Personal information
- Full name: Maxwell Charles Orr
- Born: 9 January 1931 Ballarat, Victoria
- Died: 12 September 1955 (aged 24) near Melton
- Original team: East Ballarat
- Height: 178 cm (5 ft 10 in)
- Weight: 73 kg (161 lb)

Playing career^{1}
- Years: Club / Games (Goals)
- 1952–1953: Melbourne / 7 (4)
- ^{1} Playing statistics correct to the end of 1953.

= Max Orr =

Australian rules footballer

Maxwell Charles Orr (9 January 1931 – 12 September 1955) was an Australian rules footballer who played with Melbourne in the Victorian Football League (VFL).

==Family==
The son of Charles Walter Orr (1872-1953), and Marjorie Elizabeth Bartlett Orr (1900-1998), née Beames, Maxwell Charles Orr was born at Ballarat on 9 January 1931.

He married Helen Ivy Mills in 1950.

==Football==
Orr, a half forward, played junior football for East Ballarat, before arriving in Melbourne.

He made five appearances for Melbourne in the 1952 VFL season but played only two games the following year.

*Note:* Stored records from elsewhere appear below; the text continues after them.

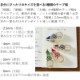 �ץ饹 ���꡼�࿧�ν����ơ��� �ۥ磻�ѡ��ץ� 2.5mm/4mm/5mm/6mm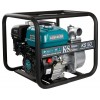 Мотопомпа для чистої води Konner&Sohnen KS 50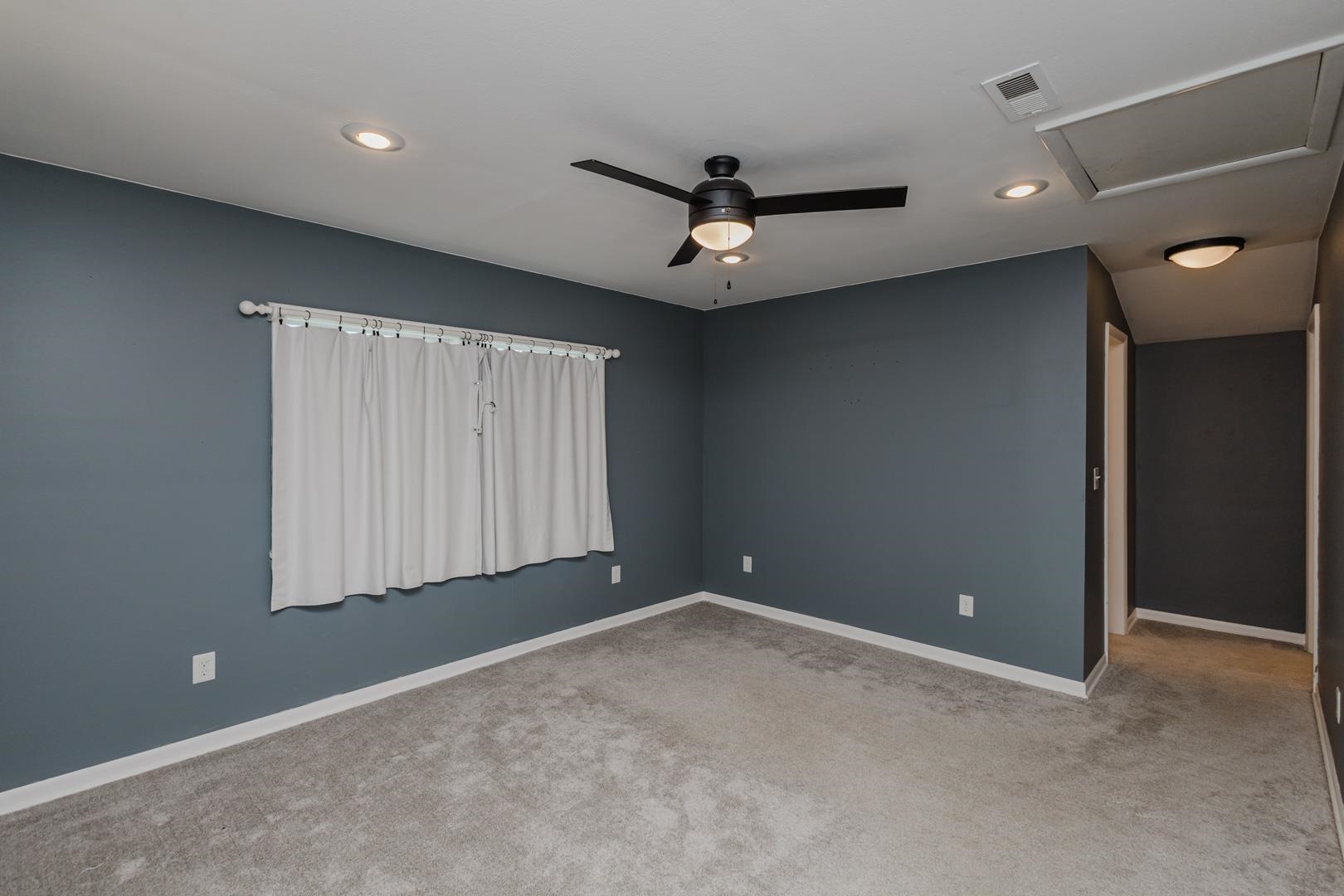 1022 S Wicker Wichita KS 67207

In 1954 he returned to the country and began playing for the Ballarat Football Club.

==Cricket==
While in the city he was also a wicket-keeper for the MCC.

==Death==
On 12 September 1955, Orr died in a car accident on the Western Highway, near Melton, on his way to his home in Creswick.

The panel van he was driving collided with a semi trailer. His father was injured; but Orr, who was due to play for Ballarat in a semi final later that week, was killed instantly.